YOUR OBJECTIVE
Although the records contain pictures, none belong in the copy: restate word for word only the lines from the one with "The maggots come" through the one with "This thermometer is", both included.

DATA TO EXAMINE
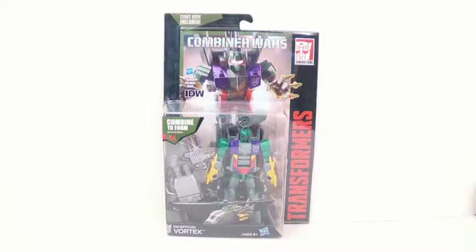Hey everybody, this is Tambiota and I'm back with another Transformers video review. This time I have Combiner Wars Vortex, and just looking at the packaging you can see that this is a repaint of Alpha Bravo, which makes sense.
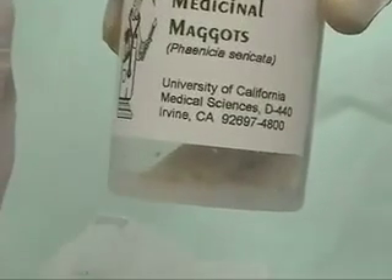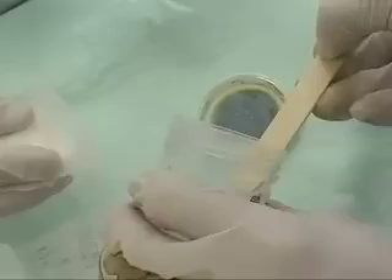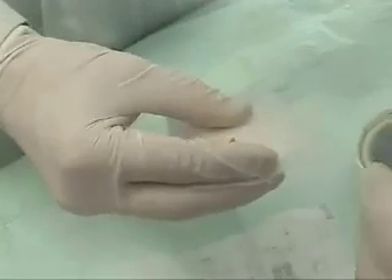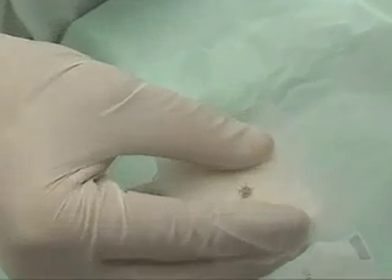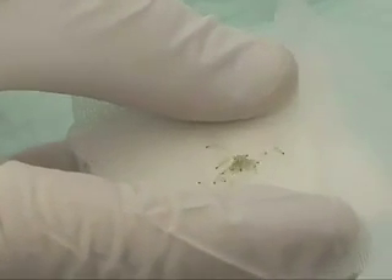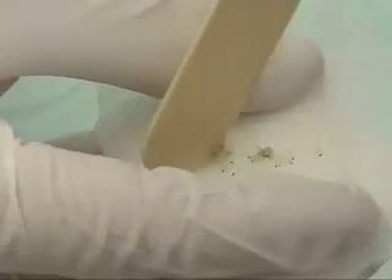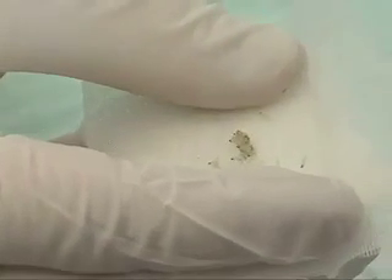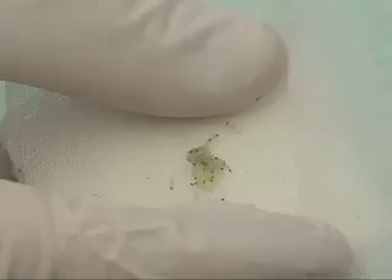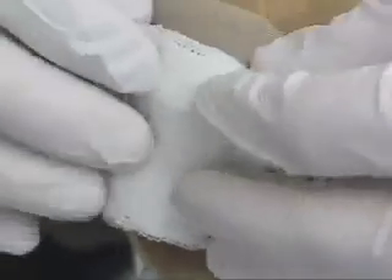The maggots come shipped in a sterile vial. They can then be coaxed out of that vial. We typically will use a tongue depressor. It's very important to put them into the center of your chiffon dressing because they do tend to migrate out rather quickly. So time is of the essence at this point. You then take that entire chiffon and dressing construct and apply it directly to the wound as rapidly as possible.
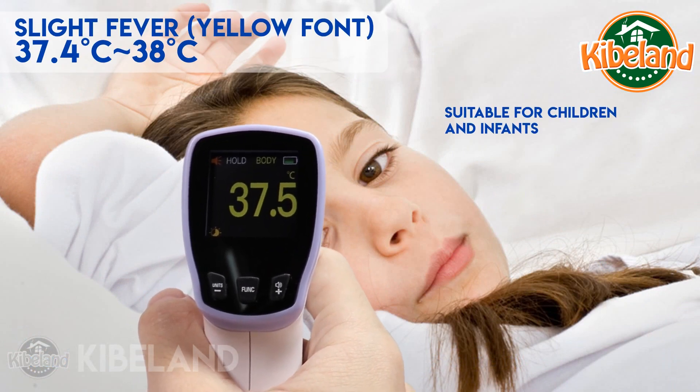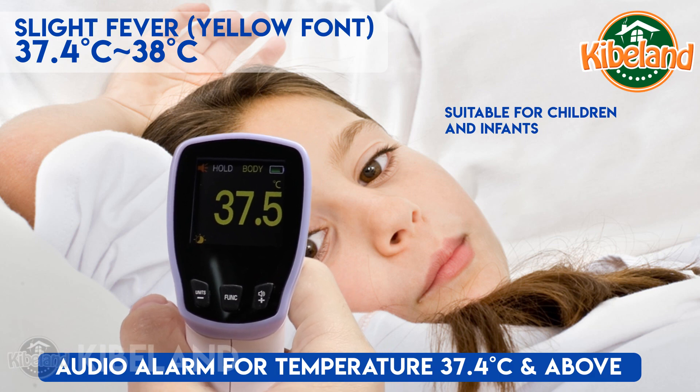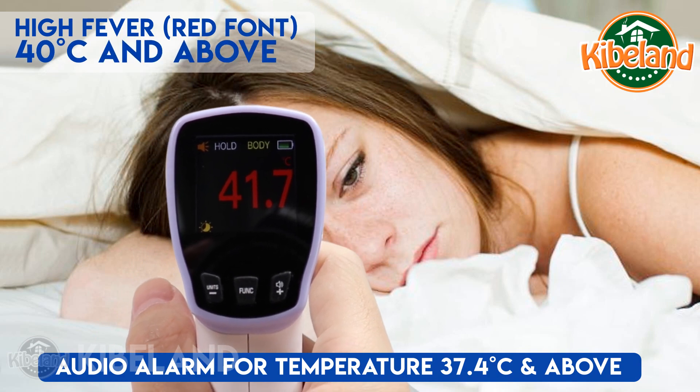This thermometer is suitable for children and infants. For a slight fever, the font becomes yellow and an alarm will be heard. Orange font will be seen if the temperature is between 38.1 and 39 degrees Celsius.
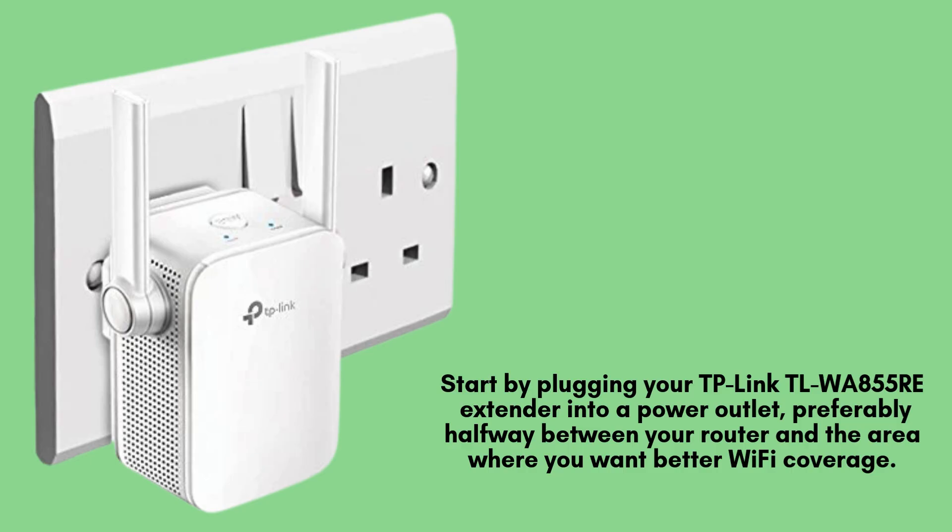Next, plug your extender into a power outlet somewhere between your router and the area where you want to extend the Wi-Fi signal. Ideally, place it within range of your router for optimal performance.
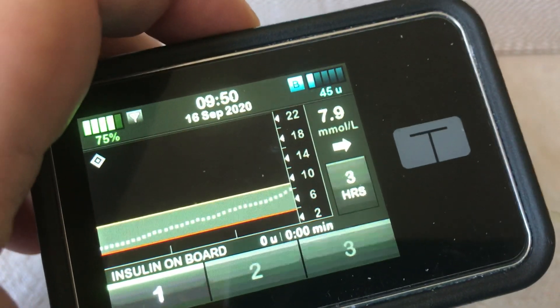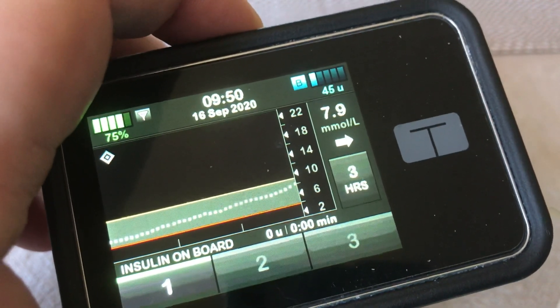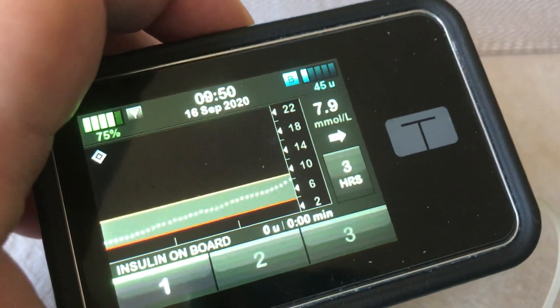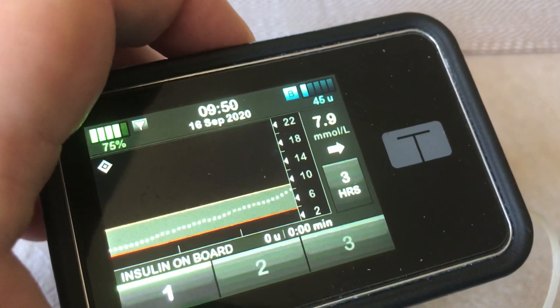There's not enough insulin in the pump to last me till tomorrow morning, or throughout the day. And I need to do — I'm just going to do a little top-up so I know it will last me till tomorrow.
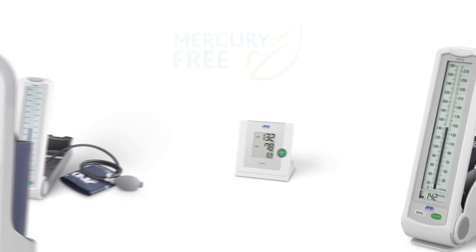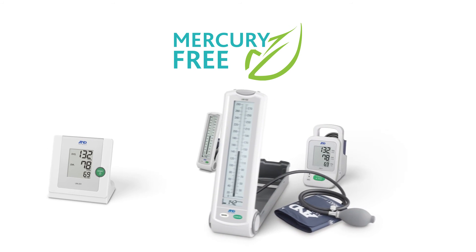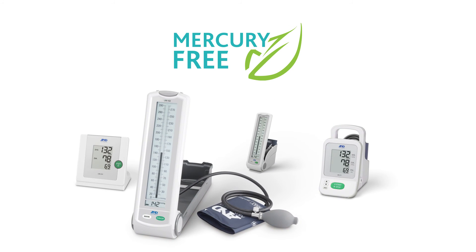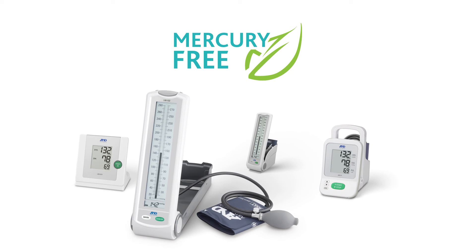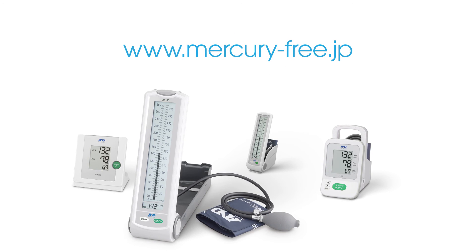The Minamata Convention on Mercury will become effective in 2020. It is time to make the switch to mercury-free. We believe you can find a mercury-free blood pressure monitor that suits your needs in our UM-Series lineup. For more information about mercury-free and the UM-Series, please visit www.mercury-free.jp.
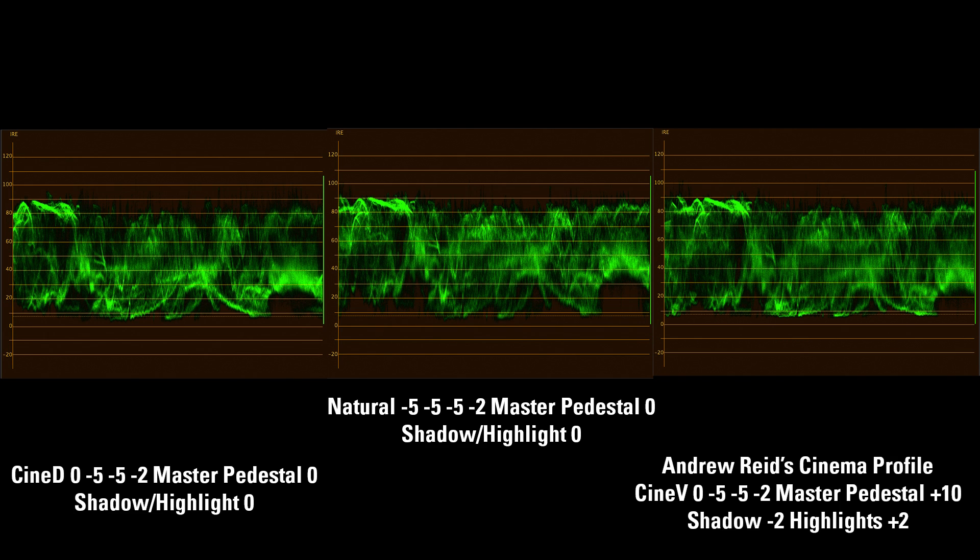So just a quick test with the profiles on the GH4. I think I'm going to lean towards the Natural profile with contrast at minus five, sharpness and noise reduction at minus five, saturation at minus two, and the master pedestal at zero. I'm still interested in playing with the highlight setting — maybe turning that down a couple notches, but I've yet to do that. I hope you find this helpful, just some food for thought.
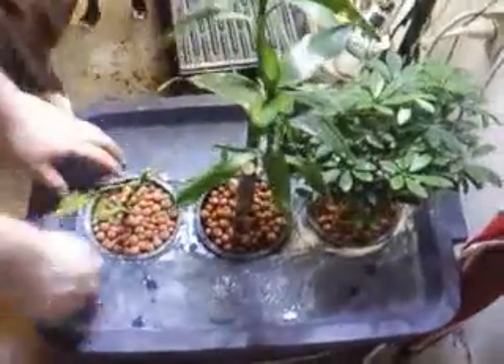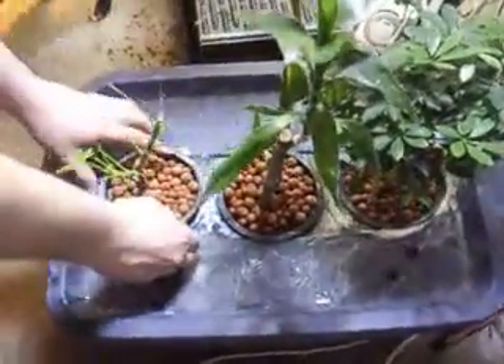Alright, combination deepwater culture aeroponics. You can see the root mass — it's pretty lengthy on this deal. Take a look in there, take a look inside the container.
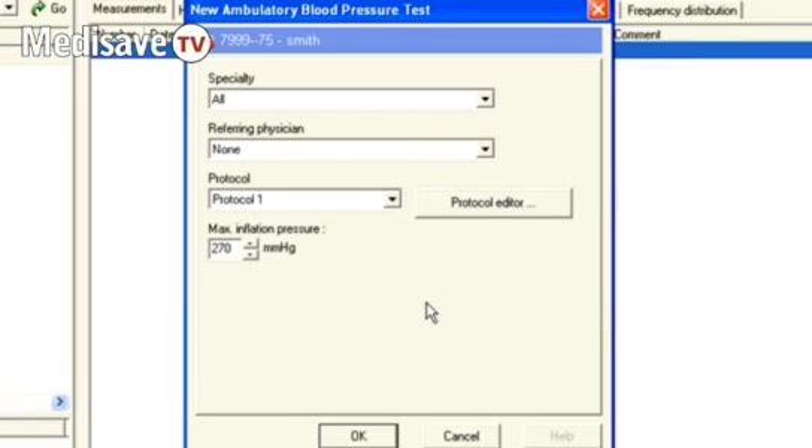You can preset all of the timings for this. So if you wanted to time to the British Hypertension Society recommendations of every half hour during the day and an hour during the night, you can preset that so you don't need to change those for every patient. But you can also take the maximum inflation pressure down from 270 to whatever you want it to be for a particular patient.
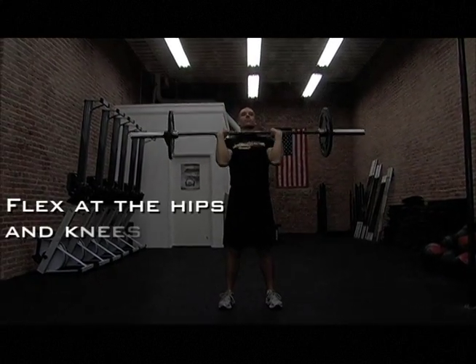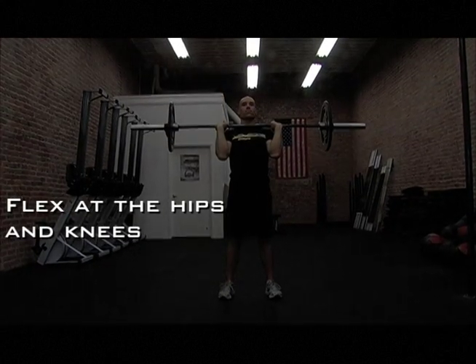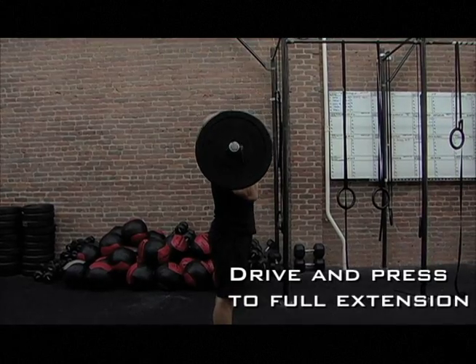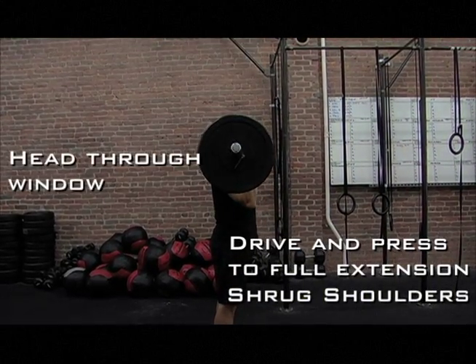You're going to dip, flexing at the hip and knee. Then drive the bar overhead, pressing to full extension, shrugging the shoulders with your head through the window.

COMPLETED TASK
The maggots come shipped in a sterile vial. They can then be coaxed out of that vial. We typically will use a tongue depressor. It's very important to put them into the center of your chiffon dressing because they do tend to migrate out rather quickly. So time is of the essence at this point. You then take that entire chiffon and dressing construct and apply it directly to the wound as rapidly as possible.
This thermometer is suitable for children and infants. For a slight fever, the font becomes yellow and an alarm will be heard. Orange font will be seen if the temperature is between 38.1 and 39 degrees Celsius.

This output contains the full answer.